Efficient training of Support Vector Machines in Java
- Heavily refactored Java port of the venerable LIBSVM (version 2.88).
- Provides idiomatic Java class structure and APIs (unlike the Java version provided by LIBSVM, which is transliterated C code).
- Easy to add new kernels, in addition to the five standard ones provided by LIBSVM.
- On the mathematical side, jlibsvm performs exactly the same computations as LIBSVM, including shrinking and all the fancy stuff described in the LIBSVM implementation docs.
- Optimized kernel implementations run faster, particularly when input vectors are sparse. For instance, on the mushrooms dataset, jlibsvm trained ~25% faster than LIBSVM (java version) with an RBF kernel and ~40% faster with a linear kernel. (The C version of LIBSVM is still faster, though).
- Multithreaded training to take advantage of modern multi-core machines (using Conja).
- Integrated scaling and normalization so you don't have to explicitly preprocess your data.
- Integrated grid search for optimal kernel parameters.

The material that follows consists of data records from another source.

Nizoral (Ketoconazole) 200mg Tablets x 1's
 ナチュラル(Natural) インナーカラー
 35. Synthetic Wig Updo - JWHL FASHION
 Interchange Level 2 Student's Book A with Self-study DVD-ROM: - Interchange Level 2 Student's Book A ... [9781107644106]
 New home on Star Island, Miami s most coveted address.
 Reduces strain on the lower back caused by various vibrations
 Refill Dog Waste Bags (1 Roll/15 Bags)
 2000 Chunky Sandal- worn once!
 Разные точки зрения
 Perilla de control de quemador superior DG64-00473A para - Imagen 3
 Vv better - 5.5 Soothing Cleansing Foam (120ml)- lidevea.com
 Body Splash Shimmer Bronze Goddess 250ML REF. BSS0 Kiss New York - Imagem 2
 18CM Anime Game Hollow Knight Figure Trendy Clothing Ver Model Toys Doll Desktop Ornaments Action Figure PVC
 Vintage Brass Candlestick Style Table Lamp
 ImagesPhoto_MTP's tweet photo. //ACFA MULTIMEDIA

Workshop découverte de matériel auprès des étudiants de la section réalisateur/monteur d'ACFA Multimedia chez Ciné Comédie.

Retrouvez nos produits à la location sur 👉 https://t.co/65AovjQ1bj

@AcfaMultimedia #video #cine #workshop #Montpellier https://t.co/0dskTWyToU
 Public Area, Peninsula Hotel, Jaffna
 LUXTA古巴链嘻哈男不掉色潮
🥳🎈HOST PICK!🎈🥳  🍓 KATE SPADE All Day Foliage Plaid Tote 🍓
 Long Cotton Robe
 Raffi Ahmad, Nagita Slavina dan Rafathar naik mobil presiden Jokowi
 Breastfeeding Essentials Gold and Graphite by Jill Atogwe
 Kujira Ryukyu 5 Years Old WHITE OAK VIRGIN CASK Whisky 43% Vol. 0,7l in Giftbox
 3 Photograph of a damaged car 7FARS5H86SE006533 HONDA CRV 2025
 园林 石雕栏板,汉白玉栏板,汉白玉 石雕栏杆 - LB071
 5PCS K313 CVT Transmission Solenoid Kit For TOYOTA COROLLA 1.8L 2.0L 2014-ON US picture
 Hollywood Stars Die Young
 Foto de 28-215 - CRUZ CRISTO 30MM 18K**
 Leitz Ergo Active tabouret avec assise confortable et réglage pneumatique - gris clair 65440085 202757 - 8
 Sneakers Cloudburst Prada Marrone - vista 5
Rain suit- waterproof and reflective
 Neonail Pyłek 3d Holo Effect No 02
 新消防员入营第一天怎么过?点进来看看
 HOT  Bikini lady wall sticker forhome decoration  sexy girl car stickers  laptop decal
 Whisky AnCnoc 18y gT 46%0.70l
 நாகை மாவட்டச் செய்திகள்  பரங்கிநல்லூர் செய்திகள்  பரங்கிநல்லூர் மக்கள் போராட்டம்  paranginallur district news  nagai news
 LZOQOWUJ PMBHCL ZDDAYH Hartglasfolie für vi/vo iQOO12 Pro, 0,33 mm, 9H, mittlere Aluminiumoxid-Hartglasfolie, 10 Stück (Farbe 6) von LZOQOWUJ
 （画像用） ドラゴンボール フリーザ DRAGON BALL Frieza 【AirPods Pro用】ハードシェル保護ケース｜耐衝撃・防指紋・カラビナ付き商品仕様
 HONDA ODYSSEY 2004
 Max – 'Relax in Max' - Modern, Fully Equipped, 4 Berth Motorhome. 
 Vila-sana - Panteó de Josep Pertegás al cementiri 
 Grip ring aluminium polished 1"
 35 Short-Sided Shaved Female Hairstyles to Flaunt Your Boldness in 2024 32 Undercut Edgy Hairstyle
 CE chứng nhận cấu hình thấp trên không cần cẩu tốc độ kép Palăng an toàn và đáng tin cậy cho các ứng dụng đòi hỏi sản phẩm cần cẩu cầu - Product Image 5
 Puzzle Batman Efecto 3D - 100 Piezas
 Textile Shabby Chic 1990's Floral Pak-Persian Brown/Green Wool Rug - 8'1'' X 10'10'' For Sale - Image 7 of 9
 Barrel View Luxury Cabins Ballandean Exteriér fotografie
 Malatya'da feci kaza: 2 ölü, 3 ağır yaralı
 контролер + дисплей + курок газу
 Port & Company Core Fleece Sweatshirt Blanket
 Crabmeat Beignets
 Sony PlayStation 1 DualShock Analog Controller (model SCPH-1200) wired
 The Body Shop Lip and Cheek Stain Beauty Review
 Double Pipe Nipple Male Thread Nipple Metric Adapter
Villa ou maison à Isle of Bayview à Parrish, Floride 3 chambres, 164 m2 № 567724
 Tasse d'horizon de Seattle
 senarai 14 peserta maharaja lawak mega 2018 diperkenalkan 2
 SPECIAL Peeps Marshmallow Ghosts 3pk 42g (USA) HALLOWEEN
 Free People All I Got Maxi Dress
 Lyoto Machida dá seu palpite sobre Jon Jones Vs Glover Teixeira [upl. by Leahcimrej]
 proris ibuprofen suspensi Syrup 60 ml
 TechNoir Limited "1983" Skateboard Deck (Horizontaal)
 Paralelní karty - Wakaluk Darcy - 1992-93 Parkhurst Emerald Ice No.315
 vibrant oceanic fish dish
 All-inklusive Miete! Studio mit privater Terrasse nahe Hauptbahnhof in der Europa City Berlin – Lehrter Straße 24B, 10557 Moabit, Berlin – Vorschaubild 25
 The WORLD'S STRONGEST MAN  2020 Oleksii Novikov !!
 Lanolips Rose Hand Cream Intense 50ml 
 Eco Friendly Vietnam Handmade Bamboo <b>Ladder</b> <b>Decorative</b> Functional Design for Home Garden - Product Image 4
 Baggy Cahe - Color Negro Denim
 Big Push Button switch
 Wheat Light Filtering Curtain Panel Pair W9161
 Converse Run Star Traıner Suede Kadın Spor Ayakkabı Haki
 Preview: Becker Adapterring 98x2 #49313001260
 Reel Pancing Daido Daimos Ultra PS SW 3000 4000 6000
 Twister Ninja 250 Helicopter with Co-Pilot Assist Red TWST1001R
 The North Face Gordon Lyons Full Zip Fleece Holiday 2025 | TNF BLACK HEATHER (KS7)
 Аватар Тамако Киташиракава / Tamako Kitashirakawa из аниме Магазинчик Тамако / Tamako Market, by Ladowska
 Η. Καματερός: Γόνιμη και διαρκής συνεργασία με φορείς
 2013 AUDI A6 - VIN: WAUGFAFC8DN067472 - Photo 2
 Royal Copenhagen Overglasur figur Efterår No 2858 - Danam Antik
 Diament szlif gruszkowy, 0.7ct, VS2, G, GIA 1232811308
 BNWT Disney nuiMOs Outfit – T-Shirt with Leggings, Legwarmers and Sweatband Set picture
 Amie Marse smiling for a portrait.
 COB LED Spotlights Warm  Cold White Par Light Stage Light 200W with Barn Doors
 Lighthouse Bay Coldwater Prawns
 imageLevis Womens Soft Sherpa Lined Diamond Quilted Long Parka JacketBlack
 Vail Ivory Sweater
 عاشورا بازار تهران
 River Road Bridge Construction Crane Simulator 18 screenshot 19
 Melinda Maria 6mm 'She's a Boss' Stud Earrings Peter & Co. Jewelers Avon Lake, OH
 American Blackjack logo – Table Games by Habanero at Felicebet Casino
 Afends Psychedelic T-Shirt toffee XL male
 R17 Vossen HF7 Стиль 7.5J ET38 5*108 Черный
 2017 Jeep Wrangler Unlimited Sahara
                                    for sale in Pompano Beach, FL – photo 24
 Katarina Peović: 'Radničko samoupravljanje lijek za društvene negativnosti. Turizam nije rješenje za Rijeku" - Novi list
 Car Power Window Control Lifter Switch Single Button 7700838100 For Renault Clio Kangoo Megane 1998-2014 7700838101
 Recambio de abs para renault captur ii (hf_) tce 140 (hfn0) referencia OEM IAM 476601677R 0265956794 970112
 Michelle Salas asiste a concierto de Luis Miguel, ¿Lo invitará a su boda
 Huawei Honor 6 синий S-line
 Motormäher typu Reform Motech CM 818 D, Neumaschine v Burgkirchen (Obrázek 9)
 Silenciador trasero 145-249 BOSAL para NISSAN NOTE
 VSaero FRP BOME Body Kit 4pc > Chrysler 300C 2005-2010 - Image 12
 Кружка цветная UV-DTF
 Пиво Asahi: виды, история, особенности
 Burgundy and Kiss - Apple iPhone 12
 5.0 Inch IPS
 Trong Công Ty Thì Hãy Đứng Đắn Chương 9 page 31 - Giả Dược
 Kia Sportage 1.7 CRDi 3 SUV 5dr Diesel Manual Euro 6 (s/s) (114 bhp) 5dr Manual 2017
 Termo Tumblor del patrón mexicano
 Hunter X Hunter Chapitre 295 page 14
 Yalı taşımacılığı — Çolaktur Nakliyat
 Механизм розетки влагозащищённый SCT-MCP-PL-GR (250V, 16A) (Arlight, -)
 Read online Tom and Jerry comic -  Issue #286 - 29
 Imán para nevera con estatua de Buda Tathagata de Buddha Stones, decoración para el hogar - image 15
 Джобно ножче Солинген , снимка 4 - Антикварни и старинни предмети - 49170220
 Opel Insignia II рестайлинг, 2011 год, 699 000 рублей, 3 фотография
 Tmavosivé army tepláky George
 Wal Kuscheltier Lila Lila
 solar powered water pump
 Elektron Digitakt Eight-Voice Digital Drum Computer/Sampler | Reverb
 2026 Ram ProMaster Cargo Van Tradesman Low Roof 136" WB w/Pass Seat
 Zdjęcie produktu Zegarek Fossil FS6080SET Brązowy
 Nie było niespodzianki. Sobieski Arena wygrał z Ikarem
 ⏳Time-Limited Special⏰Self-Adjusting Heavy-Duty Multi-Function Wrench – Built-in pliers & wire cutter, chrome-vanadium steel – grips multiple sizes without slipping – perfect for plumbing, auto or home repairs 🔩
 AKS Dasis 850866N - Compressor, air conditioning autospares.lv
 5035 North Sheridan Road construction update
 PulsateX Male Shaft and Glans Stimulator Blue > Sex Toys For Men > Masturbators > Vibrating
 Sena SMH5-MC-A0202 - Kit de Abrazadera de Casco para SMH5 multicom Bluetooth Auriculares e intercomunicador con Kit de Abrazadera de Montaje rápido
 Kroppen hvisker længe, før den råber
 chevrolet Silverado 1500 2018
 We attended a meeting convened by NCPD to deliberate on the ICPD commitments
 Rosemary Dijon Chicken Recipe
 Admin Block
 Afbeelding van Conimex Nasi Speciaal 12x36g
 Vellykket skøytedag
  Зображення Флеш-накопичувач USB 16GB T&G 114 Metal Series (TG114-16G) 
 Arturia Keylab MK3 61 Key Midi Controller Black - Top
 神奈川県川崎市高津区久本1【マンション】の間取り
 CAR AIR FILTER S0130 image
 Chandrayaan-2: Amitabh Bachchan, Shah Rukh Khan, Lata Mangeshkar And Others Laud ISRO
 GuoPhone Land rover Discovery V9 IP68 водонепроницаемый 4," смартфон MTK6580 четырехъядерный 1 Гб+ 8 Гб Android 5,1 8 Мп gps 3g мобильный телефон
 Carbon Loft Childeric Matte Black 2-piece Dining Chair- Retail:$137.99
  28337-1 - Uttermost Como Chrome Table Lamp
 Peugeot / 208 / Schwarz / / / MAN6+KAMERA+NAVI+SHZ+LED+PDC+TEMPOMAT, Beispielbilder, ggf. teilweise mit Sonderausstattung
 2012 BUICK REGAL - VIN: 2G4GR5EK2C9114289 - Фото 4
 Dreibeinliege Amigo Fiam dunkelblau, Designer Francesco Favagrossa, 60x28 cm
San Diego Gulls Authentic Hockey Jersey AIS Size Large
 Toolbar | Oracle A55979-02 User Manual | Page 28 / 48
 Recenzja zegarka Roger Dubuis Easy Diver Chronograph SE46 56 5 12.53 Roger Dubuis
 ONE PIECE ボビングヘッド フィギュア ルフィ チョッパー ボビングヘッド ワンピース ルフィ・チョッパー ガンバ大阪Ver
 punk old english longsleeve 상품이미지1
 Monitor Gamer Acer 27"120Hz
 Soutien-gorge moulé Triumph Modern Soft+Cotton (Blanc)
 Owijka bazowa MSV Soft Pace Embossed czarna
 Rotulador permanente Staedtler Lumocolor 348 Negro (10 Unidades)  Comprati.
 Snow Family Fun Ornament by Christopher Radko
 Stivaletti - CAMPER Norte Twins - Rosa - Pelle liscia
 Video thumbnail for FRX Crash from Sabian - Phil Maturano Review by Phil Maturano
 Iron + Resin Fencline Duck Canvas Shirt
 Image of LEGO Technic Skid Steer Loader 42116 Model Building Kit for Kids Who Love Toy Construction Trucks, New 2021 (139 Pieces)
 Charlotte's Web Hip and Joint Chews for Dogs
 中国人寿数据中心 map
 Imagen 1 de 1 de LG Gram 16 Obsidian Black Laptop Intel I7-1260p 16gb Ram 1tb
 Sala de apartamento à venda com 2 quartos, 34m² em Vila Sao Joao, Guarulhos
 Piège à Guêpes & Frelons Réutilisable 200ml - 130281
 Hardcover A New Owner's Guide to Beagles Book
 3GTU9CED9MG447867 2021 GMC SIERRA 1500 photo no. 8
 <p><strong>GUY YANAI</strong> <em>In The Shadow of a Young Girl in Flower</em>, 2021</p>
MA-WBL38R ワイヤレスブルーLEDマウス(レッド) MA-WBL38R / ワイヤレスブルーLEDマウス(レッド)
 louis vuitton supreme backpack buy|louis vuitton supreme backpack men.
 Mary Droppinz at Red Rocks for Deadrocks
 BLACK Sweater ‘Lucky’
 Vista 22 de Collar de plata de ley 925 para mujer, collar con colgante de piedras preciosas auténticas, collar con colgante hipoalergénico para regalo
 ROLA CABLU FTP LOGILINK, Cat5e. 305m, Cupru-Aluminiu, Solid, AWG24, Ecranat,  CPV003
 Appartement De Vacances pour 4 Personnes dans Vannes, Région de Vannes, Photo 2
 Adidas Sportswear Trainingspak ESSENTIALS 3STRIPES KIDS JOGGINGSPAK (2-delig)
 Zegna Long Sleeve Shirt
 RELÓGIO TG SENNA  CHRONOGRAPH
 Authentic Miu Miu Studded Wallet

- Drop-in replacement if you use the command-line tools (e.g. svm-train, etc.), but not if you use LIBSVM programmatically.
- Uses Java generics throughout, including for classification labels, so you can specify that the "label" of a class be of whatever Java type you like. In an email-filtering application, for example, you could use objects of type Mailbox as the labels. That would allow you to write something like mySvmSolutionModel.predict(incomingEmail).addMessage(incomingEmail). The predict() method returns a classification label, which in this case is an object of class Mailbox, which has an addMessage() method.
This is beta code. While LIBSVM is stable, it's possible that I broke something in the process of refactoring it. I've done ad-hoc testing primarily with the C_SVC machine and an RBF kernel, and got results that were identical to LIBSVM as far as I could tell. There are not (yet?) any unit tests. I'm running some automated verifications that jlibsvm behaves identically to LIBSVM for a number of input datasets and parameter choices; results will be available here soon. Please let me know if you find a situation in which the two packages give different results.
- API docs (jlibsvm only)
- Aggregate API docs (all projects hosted here; useful for navigating cross-package dependencies)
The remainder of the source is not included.